▸ **Records supplied**:
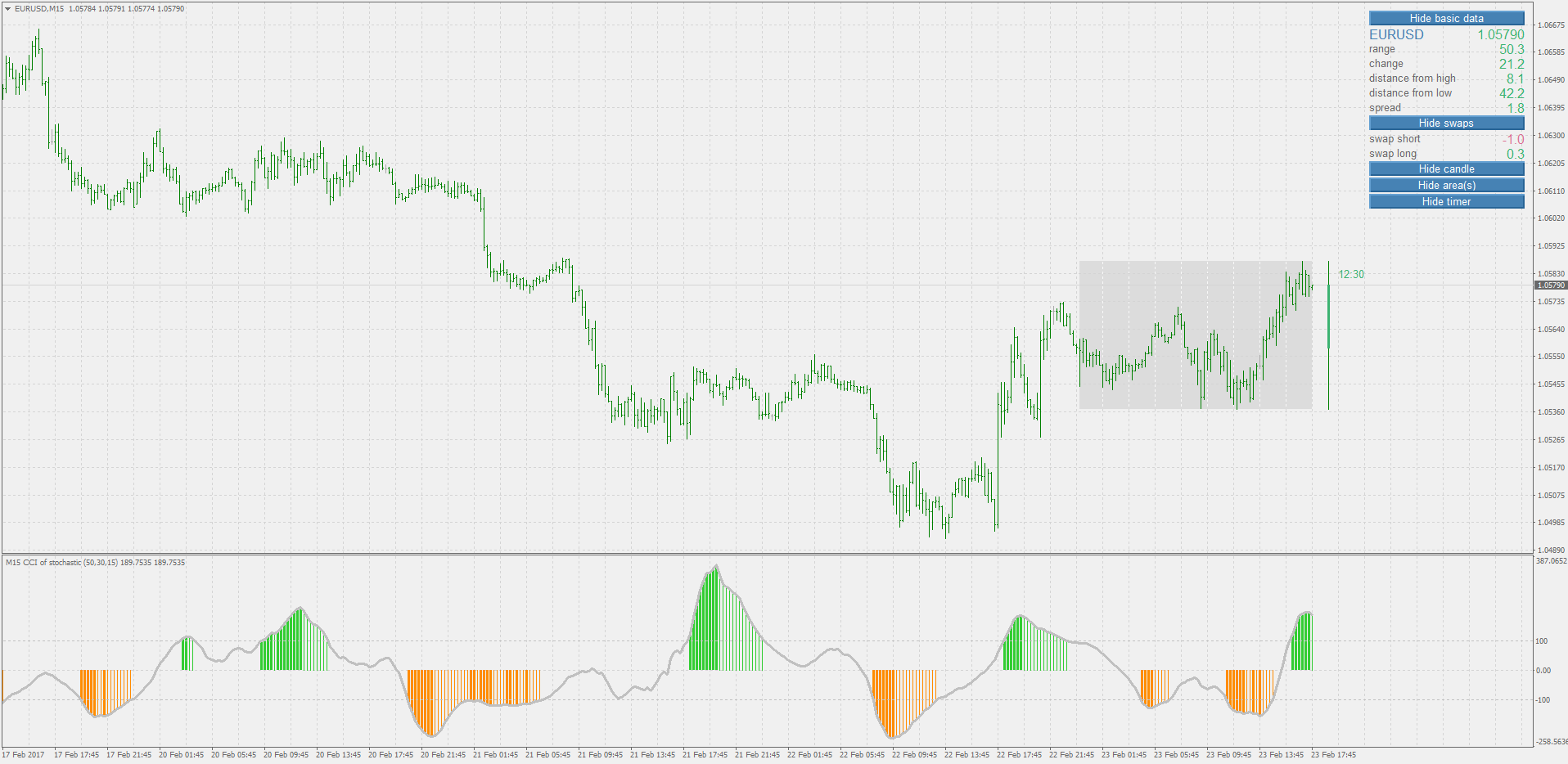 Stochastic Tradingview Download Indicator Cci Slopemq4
--
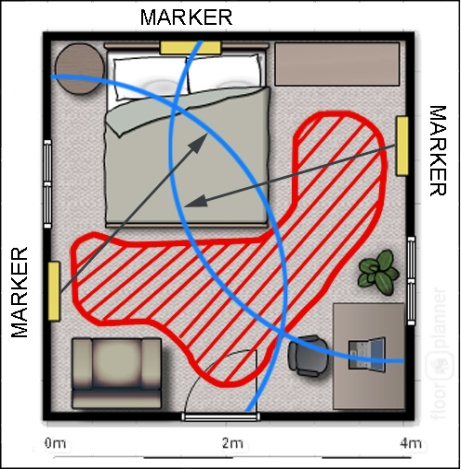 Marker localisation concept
...
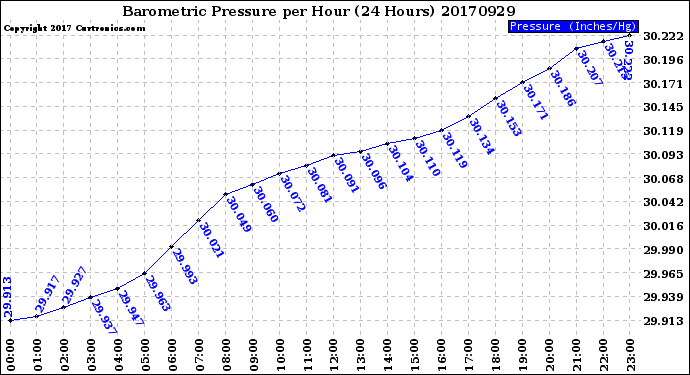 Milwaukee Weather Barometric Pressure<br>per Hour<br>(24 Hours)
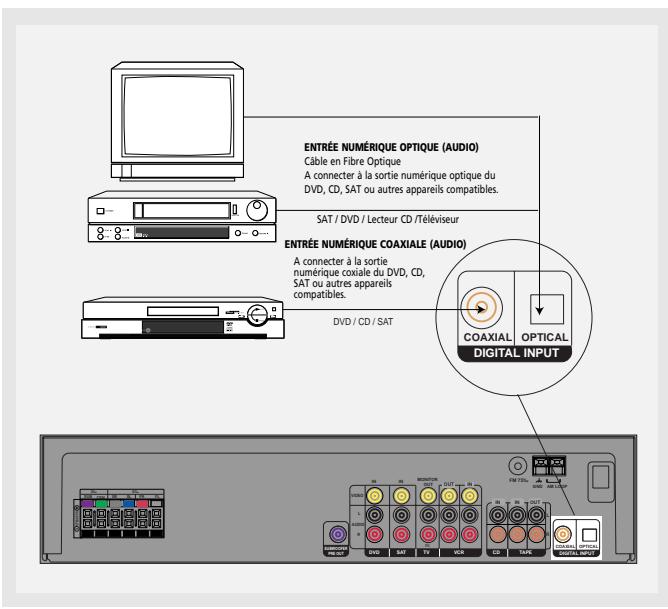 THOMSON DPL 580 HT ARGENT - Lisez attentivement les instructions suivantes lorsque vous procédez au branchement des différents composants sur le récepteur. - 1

▸ **Exercise goal**: In the listing above, find the line containing "Milwaukee Weather Barometric" and the line containing "THOMSON DPL 580"; print those lines and every line between them exactly, leaving out pictures.

▸ **Solution to this exercise**:
 Milwaukee Weather Barometric Pressure<br>per Hour<br>(24 Hours)
 THOMSON DPL 580 HT ARGENT - Lisez attentivement les instructions suivantes lorsque vous procédez au branchement des différents composants sur le récepteur. - 1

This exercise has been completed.